Even if the U.S. curtailed civil liberties to a degree most citizens would find intolerable, sooner or later some suicidal terrorist would find a way to manage a successful attack. The greatest threat may come from lone wolves with scanty records, as is apparently the case with the accused Ft. Hood shooter, or from someone who acts alone even if trained and equipped by one of Al Qaeda's offshoots, as the would-be Detroit bomber allegedly did.

The Christmas Day episode highlights three critical points.

First is how much progress U.S. intelligence has made. The 9/11 attacks were blamed on a failure to "connect the dots." But foiling that plot would have required not just creative leaps of foresight by intelligence analysts, but also the political will to take draconian actions to prevent a large-scale attack organized from abroad on U.S. soil (something that hadn't happened since Pearl Harbor and was therefore almost unthinkable).

By contrast, Umar Farouk Abdulmutallab and his alleged Yemeni helpers were on the U.S. radar screen. Simply singling him out for a body search might have done the job. The intelligence community certainly failed to connect the dots, but at least this time it had the dots.
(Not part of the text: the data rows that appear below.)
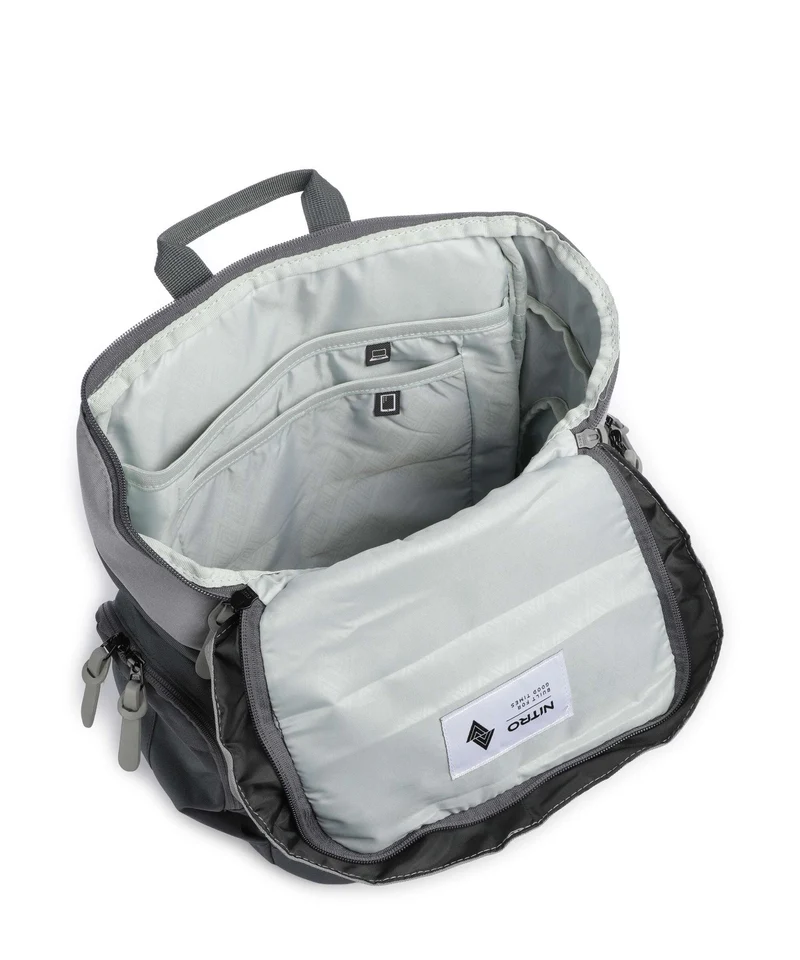 Nitro Daypacker Two 32 Rucksack graphite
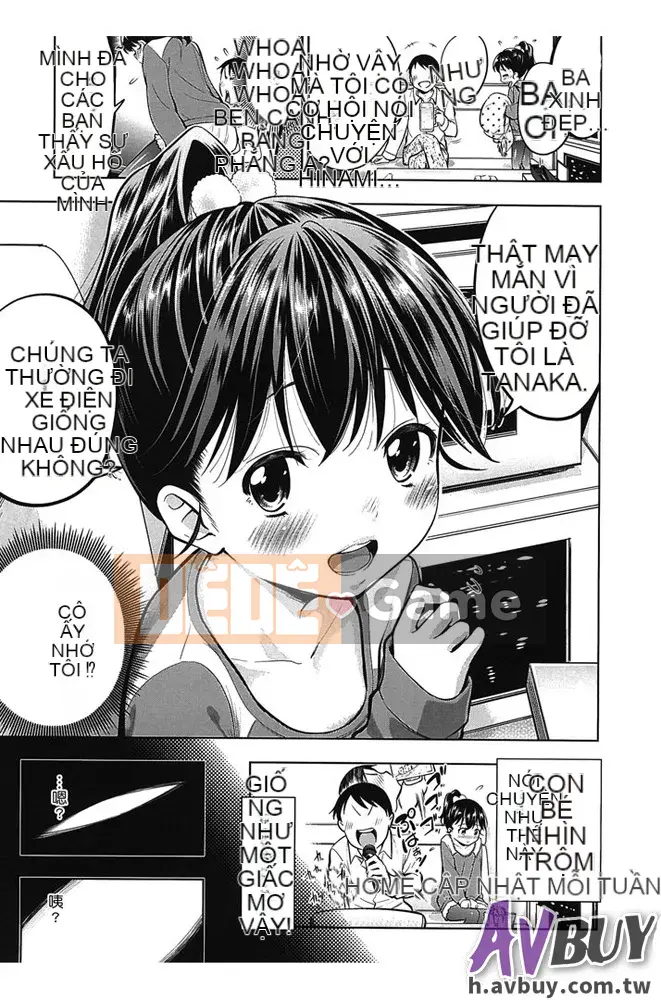 [Tsuruyama Mito] Bạn không cần phải mặc nó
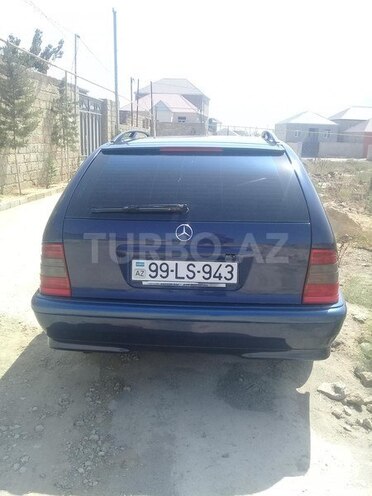 Mercedes C 180 1998, 400,000 km - 1.8 l - Bakı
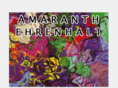 amaranthehrenhalt.com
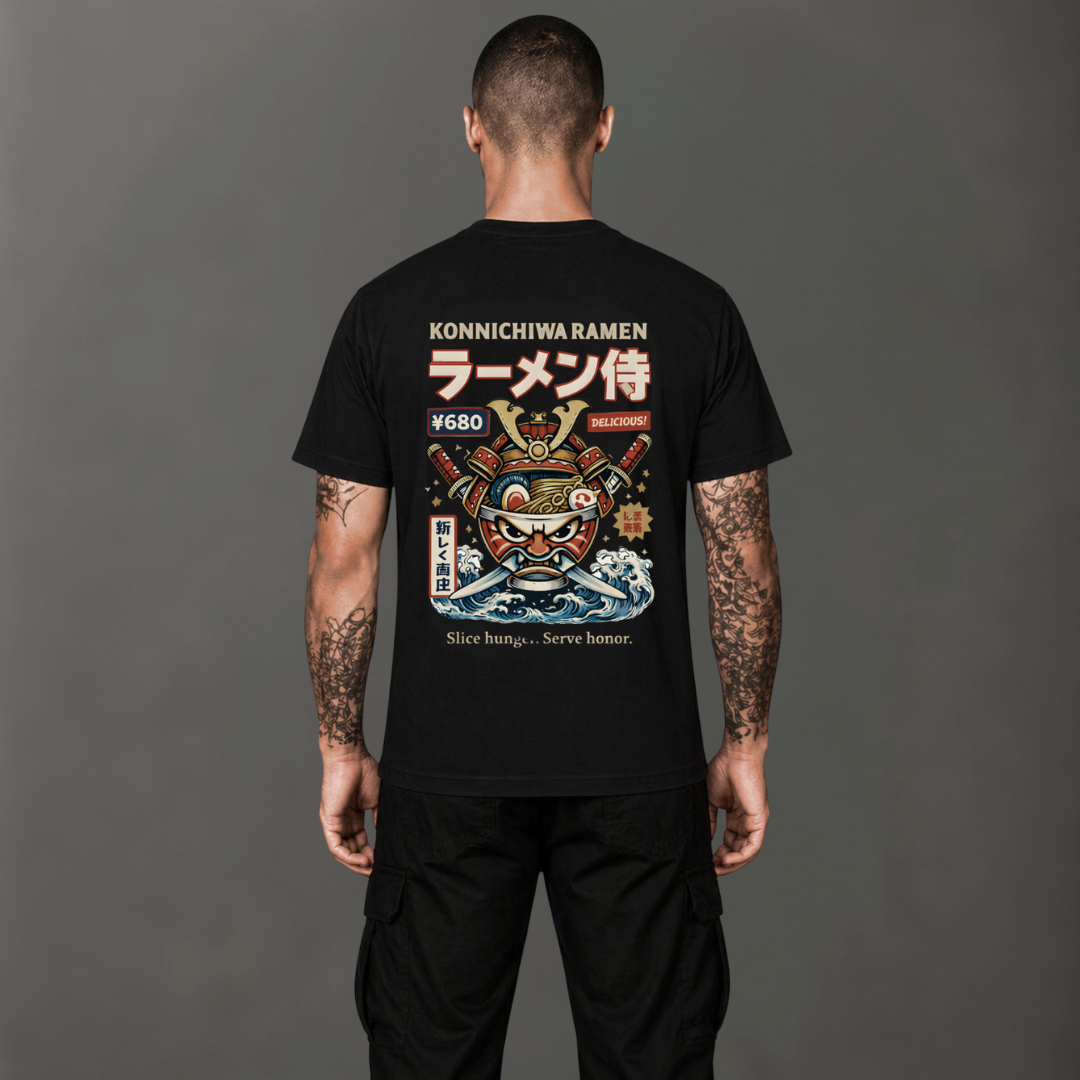 Konnichiwa Ramen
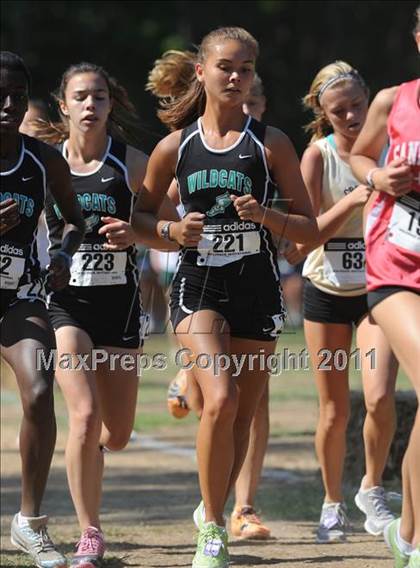 Thumbnail 1 in Adidas Wolfpack Invitational photogallery.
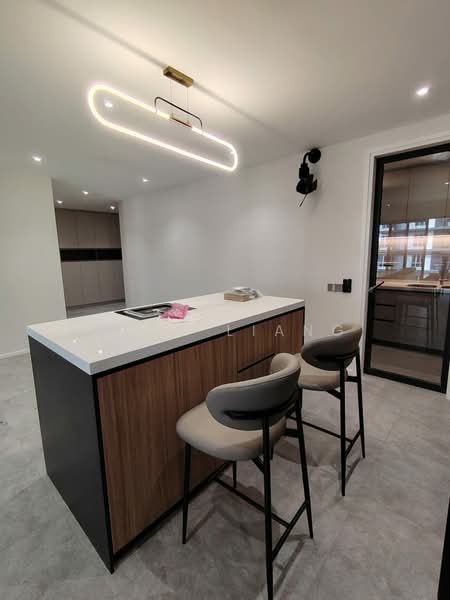 Condominium for Rent at Allevia - Jean Liang - Kitchen - PropertyGuru.com.my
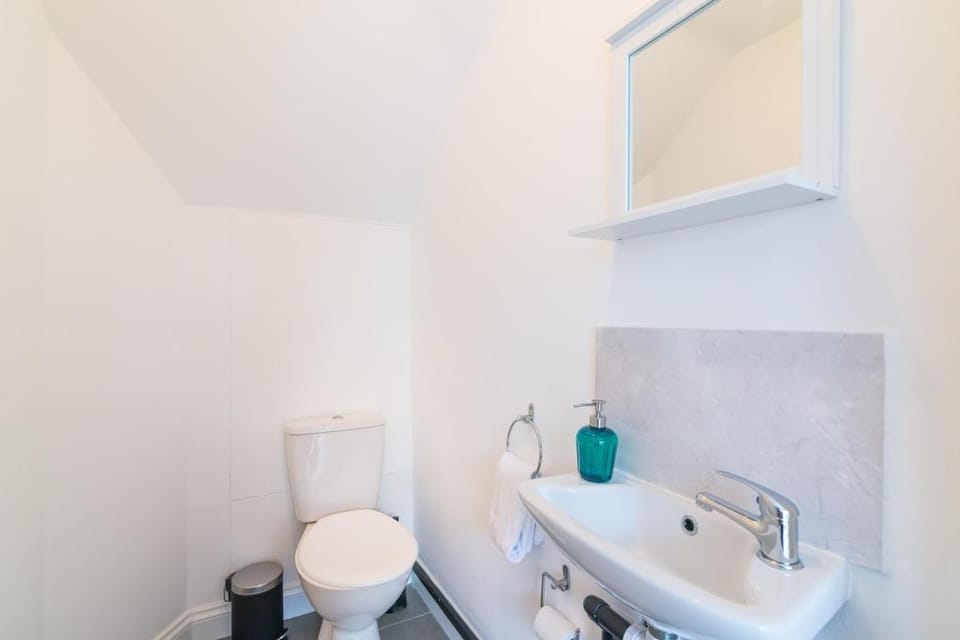 Mosh Aparthotel Vacation rental in Manchester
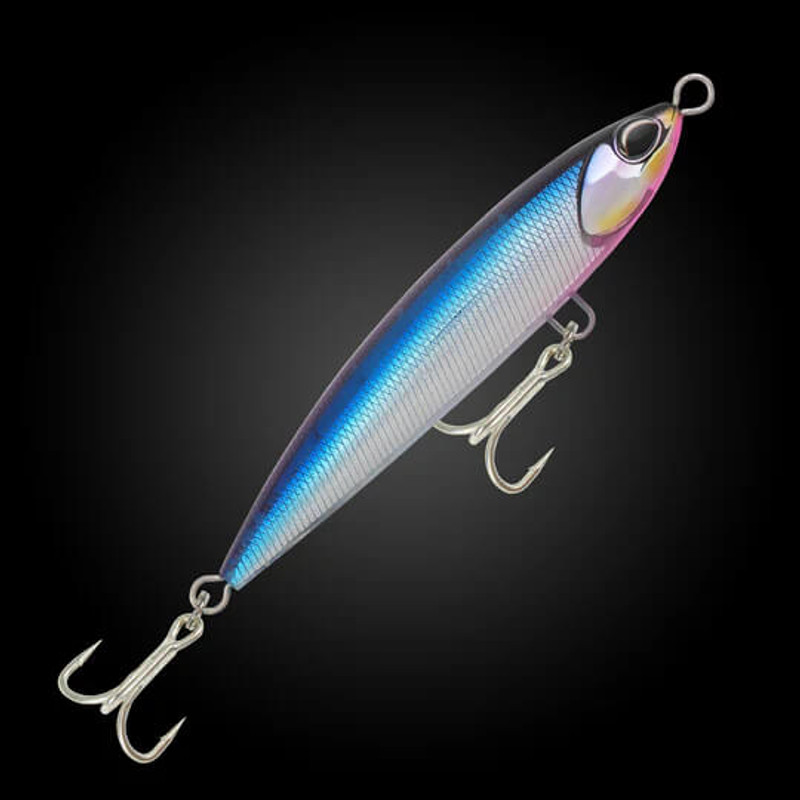 BLUE PINK SILVER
Second, the Christmas Day plot demonstrates that much of what passes for security is a waste of time and money. It often seems designed more to bother people than to prevent terrorism. The mass screening of departing passengers in Amsterdam was, almost by definition, too little to catch the "underwear bomber" and probably too much for his innocent fellow passengers.

Finding the right balance is terribly difficult, but what's needed is less mass screening of all those proverbial grandmothers. Racial and ethnic profiling is not only provocative, it is also ineffective, because it produces far too many "false positives"—people subjected to secondary screening without cause. Rather, what we need is more screening and profiling based on intelligence to provide grounds for suspicion (which should have included the would-be Detroit bomber) or on suspicious behavior (like having no luggage or paying cash for the ticket).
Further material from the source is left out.